Thursday, December 31, 2015
Raiders of the Lost Web If a Pulitzer-finalist 34-part series of investigative journalism can vanish from the web, anything can. by ADRIENNE LAFRANCE OCT 14, 2015
The web, as it appears at any one moment, is a phantasmagoria. It’s not a place in any reliable sense of the word. It is not a repository. It is not a library. It is a constantly changing patchwork of perpetual nowness.
You can't count on the web, okay? It’s unstable. You have to know this.
Digital information itself has all kinds of advantages. It can be read by machines, sorted and analyzed in massive quantities, and disseminated instantaneously. “Except when it goes, it really goes,” said Jason Scott, an archivist and historian for the Internet Archive. “It’s gone gone. A piece of paper can burn and you can still kind of get something from it. With a hard drive or a URL, when it’s gone, there is just zero recourse.”
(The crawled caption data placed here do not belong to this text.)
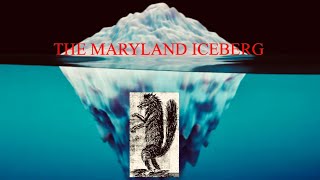 The Maryland Iceberg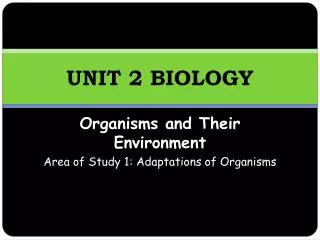 UNIT 2 BIOLOGY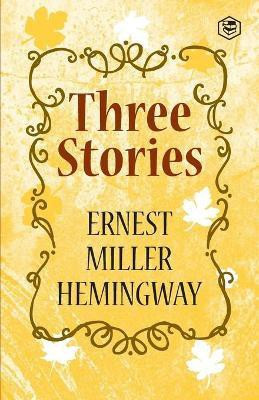 Three Stories(English, Paperback, Hemingway Ernest)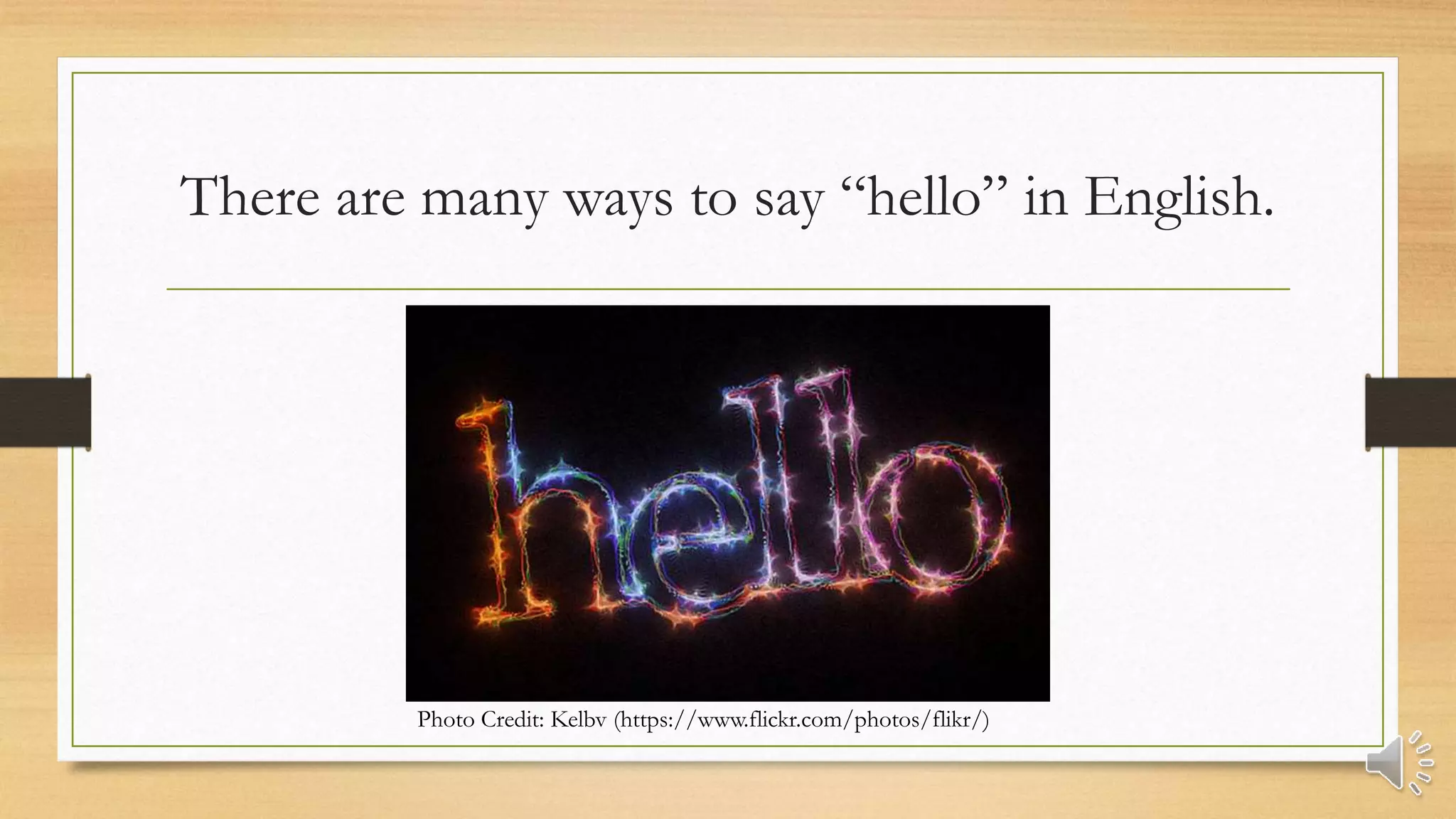 There are many ways to say “hello” in English.
Photo Credit: Kelbv (https://www.flickr.com/photos/flikr/)
 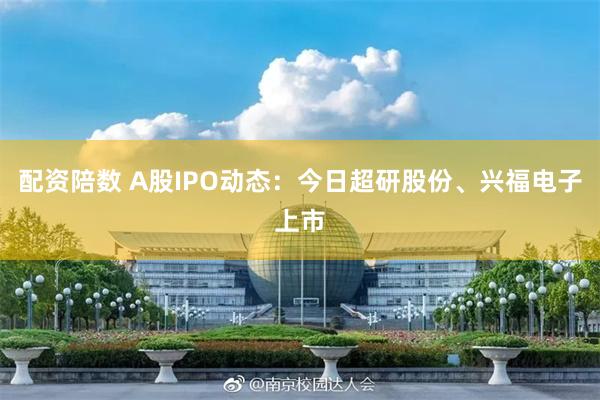 配资陪数 A股IPO动态：今日超研股份、兴福电子上市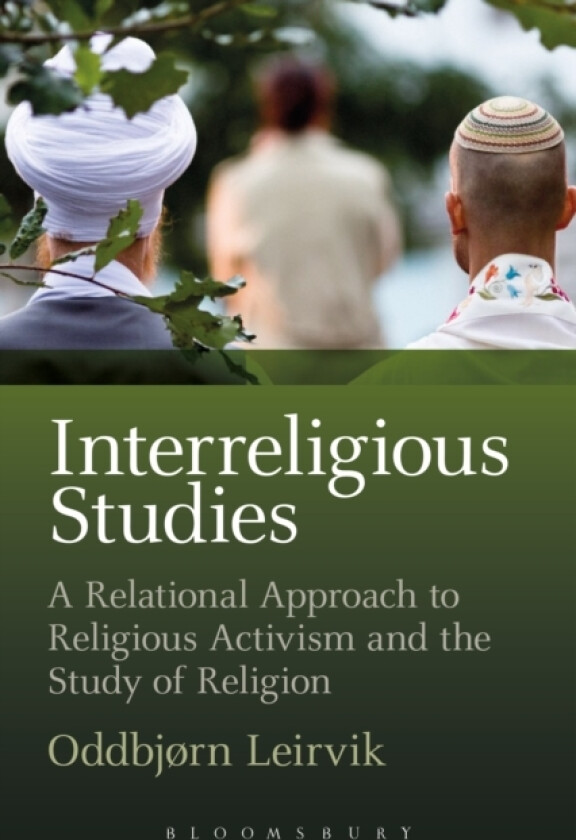 Interreligious Studies av Professor Oddbjørn Leirvik (Hardcover)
There are exceptions. The Internet Archive’s Wayback Machine has a trove of cached web pages going back to 1996. Scott and his colleagues are saving tens of petabytes of data, chasing an ideal that doubles as their motto: Universal Access to All Knowledge. The trove they’ve built is extraordinary, but it’s far from comprehensive. Today’s web is more dynamic than ever and therefore more at-risk than it sometimes seems.